=== AVAILABLE DATA ===

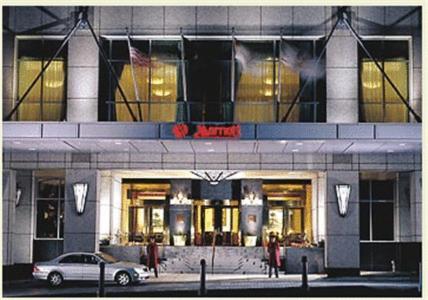 Marriott Salt Lake City Center Kültér fotó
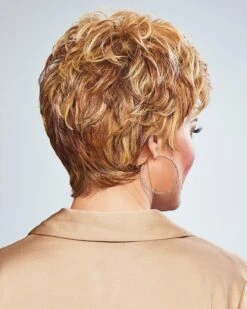 Honesty | Synthetic Wig By Gabor -Best wig outlet Shop EG20147 Honesty DarkBlonde back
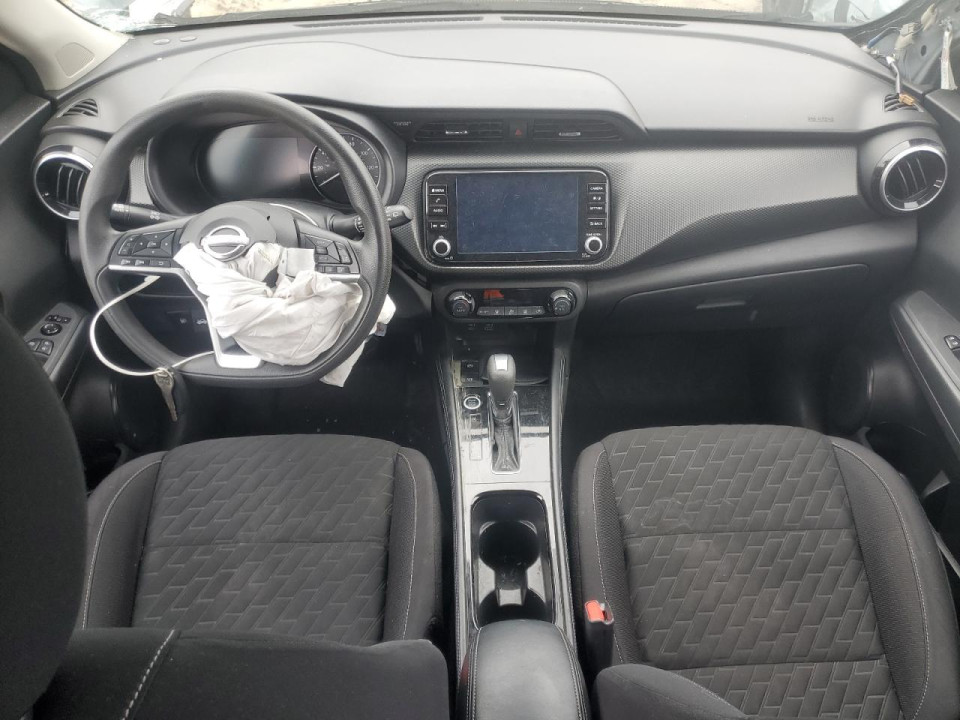 Nissan KICKS 2022 — Copart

===

#### [WHAT IS REQUIRED]
Output the data exactly. Pictures don't belong in the result.

#### [FINISHED TASK]
 Marriott Salt Lake City Center Kültér fotó
 Honesty | Synthetic Wig By Gabor -Best wig outlet Shop EG20147 Honesty DarkBlonde back
 Nissan KICKS 2022 — Copart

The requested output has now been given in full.